Republicans, meanwhile, contended the proposals were minor parliamentary adjustments and that Democrats were purposely misinterpreting the changes.
In the end, senators left Albany without agreeing to any changes.
If the episode accomplished anything, it highlighted the still simmering tension between Republican and Democratic senators that has only worsened since the start of the new year.
The dispute came a day after Senate lawmakers squabbled in session over seating in the Senate chamber and the amount legislators received in office allocations.
And earlier this month, four Democratic lawmakers disaffected with the leadership of Sen. John Sampson, D-Brooklyn, bolted from the conference to form an independent voting bloc.
Also Tuesday, Republicans named three of breakaway Democratic senators - David Carlucci of Clarkstown, Rockland County, Diane Savino of Staten Island and David Valesky of Syracuse - to committee chairmanships. Each post comes with a stipend of $12,500 on top of their base pay of $79,500 a year.
The rules would also have created the Senate Alcoholism and Substance Abuse Committee, with Sen. Jeff Klein, D-Bronx, leading the panel as chairman. Klein is the leader of the independent conference of Democrats.
Following a two-hour Senate Rules Committee meeting that featured an at times sarcastic, at times heated tit-for-tat between Republicans and Democrats, the proposed rules changes were defeated.
Republicans, who incorrectly believed they had enough votes to pass the rules out of the committee, found that Sen. John LaValle of Suffolk County had left Albany earlier in the day.
"I just didn't realize that a member wasn't present," said Sen. Thomas Libous, R-Binghamton, who was acting as the committee chairman during the meeting. "We had a member who was not here and that created a problem, it's that simple."
Senate Democrats, meanwhile, complained that some of the rules as proposed by the Republicans usurped the state constitution and complained that copies of the rules changes were made available just two hours before the Senate convened.
"Finding this two hours before flies in the face of the work that we did collectively," said Sen. Andrea Stewart-Cousins, D-Yonkers, during the meeting.

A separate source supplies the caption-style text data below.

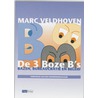 De 3 Boze B's door M. Veldhoven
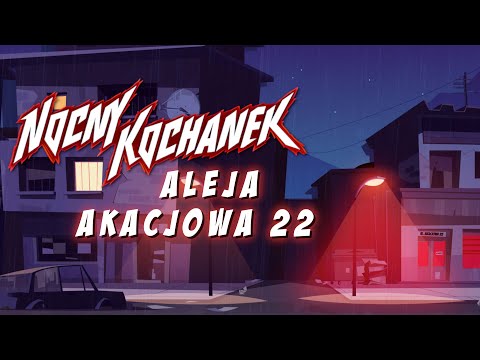 Nocny Kochanek - Aleja Akacjowa 22 (Official Lyric Video) (2021)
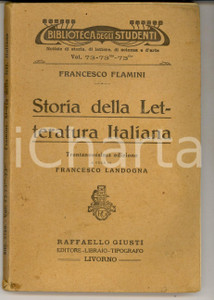 Libro, pubblicazione d epoca 1928 Francesco FLAMINI Storia della letteratura italiana Ed. Raffaello GIUSTI 1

Libous, for his part, told Democrats during the meeting that the changes "were a work in progress."
Republicans wanted to amend the rules of the legislative process in the Senate that would, among other things, disallow the lieutenant governor from casting a tie-breaking vote the Senate majority leader.

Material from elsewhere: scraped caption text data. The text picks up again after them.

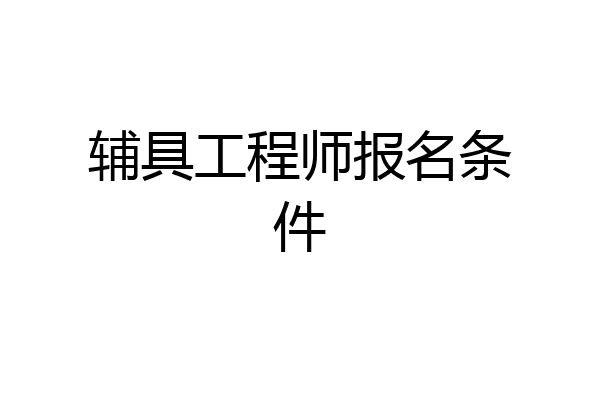 辅具工程师报名条件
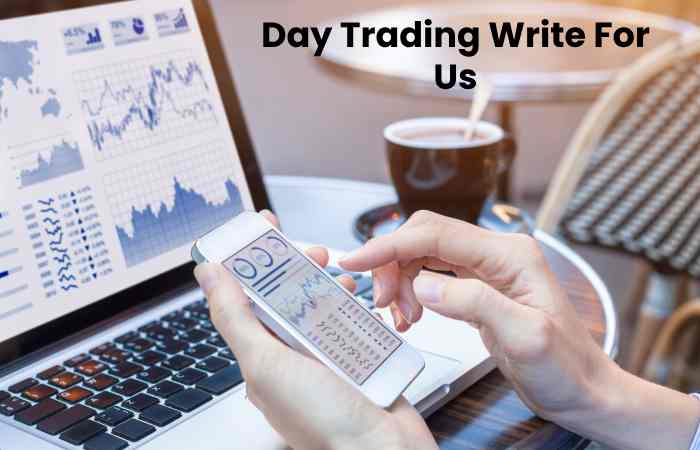 Day Trading Write For Us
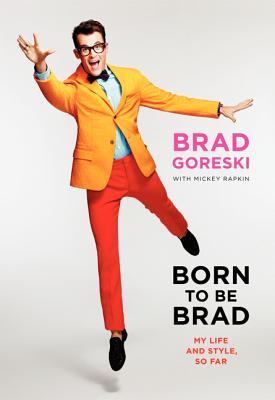 Born to Be Brad: My Life and Style, So Far (Hardcover)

The current lieutenant governor, Robert Duffy, is a Democrat.
Republicans hold a narrow, one-seat majority of 32-30 over Democrats after winning back control of the upper chamber in November.
"The lieutenant governor is not an elected member of the Senate," Libous said after the committee meeting. "We used language out of the constitution that basically states that. We believe it's good language."
Democrats also charged that the proposals did away with term limits for committee chairs, post-budget adoption hearings.
The Senate Rules Committee meeting, held late in the day, was punctuated with crosstalk and tart comments from senators.
Sen. Thomas Duane, D-Manhattan, asked if Libous could read a portion of the prior rules aloud. The request was denied.
Duane's line of questioning evolved to asking multiple times about when the proposed rules were given to Senate staff, prompting a rebuke from Sen. Stephen Saland, R-Poughkeepsie.
"You've asked it 26 ways and gotten 26 answers," Saland said.
Saland characterized the rules changes as "mundane."
"I don't think people sitting around their kitchen table will have grand, philosophical debates about what this all means," he said.
Sen. Ruth Hassell-Thompson, D-Mount Vernon, Westchester County, said Democrats and their constituents were "disenfranchised" by the proposal.
"We have offered to you substantive issues at this table," she said. "I think that it is not mundane to discuss something, even if it is ad nauseum."
Sen. Michael Nozzolio, R-Fayette, Seneca County, meanwhile, angrily defended the rules, saying they eliminated costly post-budget review meetings.
"It takes 20 minutes to read these rules changes. Frankly, Mr. Chairman, I think we've seen this become frankly a filibuster," he said. "I haven't heard one solid argument against these rules."